:: Task prompt ::
Within the data below, find the string "Stück" and return each line where it occurs.

Saved entries
[Start of section]
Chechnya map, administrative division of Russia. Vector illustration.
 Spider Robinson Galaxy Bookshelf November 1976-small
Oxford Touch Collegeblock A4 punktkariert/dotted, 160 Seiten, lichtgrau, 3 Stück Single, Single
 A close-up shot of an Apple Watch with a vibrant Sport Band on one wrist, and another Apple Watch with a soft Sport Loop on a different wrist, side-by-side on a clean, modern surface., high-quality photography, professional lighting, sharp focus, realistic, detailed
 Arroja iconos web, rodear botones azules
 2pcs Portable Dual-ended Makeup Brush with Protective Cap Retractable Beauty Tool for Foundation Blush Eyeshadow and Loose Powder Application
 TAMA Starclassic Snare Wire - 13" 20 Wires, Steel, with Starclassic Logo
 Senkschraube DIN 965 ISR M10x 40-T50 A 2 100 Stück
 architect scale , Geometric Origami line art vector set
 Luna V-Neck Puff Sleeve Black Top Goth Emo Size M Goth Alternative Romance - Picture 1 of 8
[End of section]
:: Exercise result ::
Oxford Touch Collegeblock A4 punktkariert/dotted, 160 Seiten, lichtgrau, 3 Stück Single, Single
 Senkschraube DIN 965 ISR M10x 40-T50 A 2 100 Stück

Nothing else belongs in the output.